INSTRUMENTAL BLOG

Instrumental customers,

Unfortunately this past Friday (April 19th), Instrumental ceased displaying up to the minute data for a period approaching 15 hours. Astute observers of the app and our Twitter account (@instrumentalapp) have likely noticed that this is the worst of a series of graph delays that have been occurring for the past month.

I’ll give a technical post mortem later in this message, but I want to underline the most important parts of these delays to you:

  1. Your data may not appear quickly, but it’s NEVER lost.
  2. The changes we made to fix last Friday’s problems should ensure we don’t see problems like we have in the past month.
  3. We’re going to do a better job communicating service information to you.

We’re currently working on a series of changes that should insure we don’t experience delays of this magnitude again, and that you don’t lack for up to date information again. We’ll also be working on better ways to communicate essential information regarding Instrumental’s current status, so that you never have to wonder if your app is down, or that Instrumental’s data is delayed.

This past month’s unpredictable data delays we hope to have behind us soon. Internally we still have more work to do to ensure an even more reliable future, but we’ve removed the weak parts of our infrastructure that were the primary cause of the delay.

If you have questions about what happened, or need to address concerns, please email us at support@instrumentalapp.com. We want to make sure you understand exactly what happened, and know that you can expect more reliable behavior in the future.

April 19th Technical Post-Mortem

Background: Instrumental’s data is persisted in two places:

  1. A MongoDB replica set previously hosted on Linode
  2. A series of flat files archived in S3

Writing to either of these two data stores is done by queueing the write documents (collections of metric updates), then having separate processes commit them to the database or S3. Typically we’ve seen Mongo writes using our particular configuration to take roughly 10ms, with little variation. As of March 22nd, 2013, we’ve seen that number begin to vary wildly, with batches of 100 writes taking anywhere from 1s to 10s.
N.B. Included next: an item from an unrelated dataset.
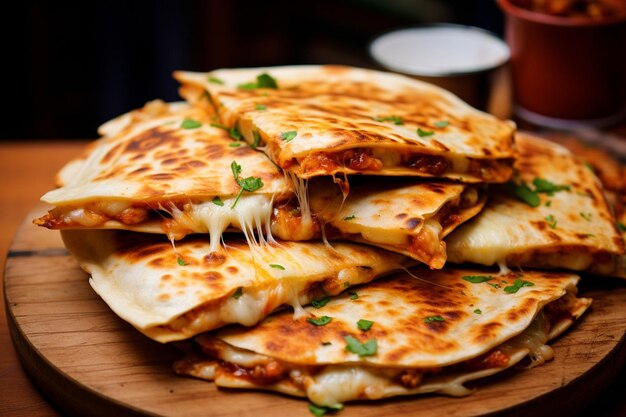 Quesadillas con queso y queso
Description: Around 6 AM EST, our Mongo replica set encountered an unknown event while one of the read members was performing an overnight compaction that caused our primary member to fail. The other members of the set failed to elect a new primary member, causing all Mongo writes to fail. Our incoming SQS queue had grown to 20,000 documents (each usually containing from 100-2000 writes to the Mongo database) by 8 AM EST. During this period, a new replica member was forced to become the primary member so the Mongo database could begin accepting writes again. It was at this time that we observed that our MongoDB write times had begun to vary wildly, and we could not predict a time when the entire queue could be consumed by the new primary member.
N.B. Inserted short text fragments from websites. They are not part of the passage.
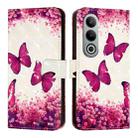 For OnePlus Nord CE4 3D Painting Horizontal Flip Leather Phone Case(Rose Butterfly) - 2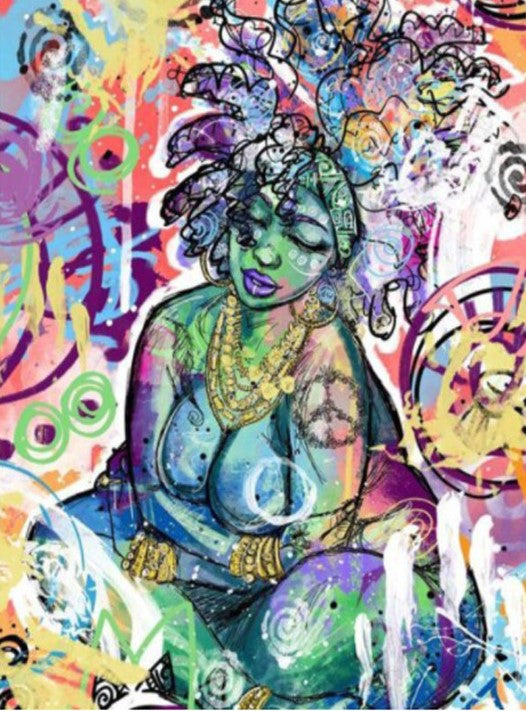 Diamond Painting Abstract Color Woman*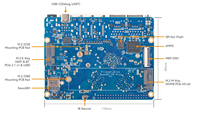 Carte mère NanoPC-T6 Plus SBC utilisant Rockchip RK3588 avec LPDDR5, capacité améliorée jusqu'à 32 Go, interfaces MIPI DSI/CSI, deux ports 2.5GbE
Presuming that the write variability might be caused by overactive shared tenants on the Linode instance assuming primary responsibilities, we rebuilt the previous primary member and had it rejoin the replica set around 1 PM EST. While we did observe slightly faster write times during this period that caused us to begin reducing overall queue size, we could still not accurately predict when the queue would be entirely consumed and the service would be up to date.

Due to the increasing variability we were seeing on Linode (and a host of other small complaints and limitations), we had already begun a slow migration to AWS that included moving queue responsibilities to SNS and SQS, and an eventual primary data store switch to DynamoDB. While the DynamoDB migration was not yet ready for production, we had enough of the infrastructure automation scripts ported to use EC2 that we had enough tools at our disposal to spin up a new Mongo replica set on EC2 that used EBS provisioned iops for more consistent behavior. This new replica set was spun up around 5PM EST, and over the course of the evening was replicating with the Linode hosts at around 1-5s latency.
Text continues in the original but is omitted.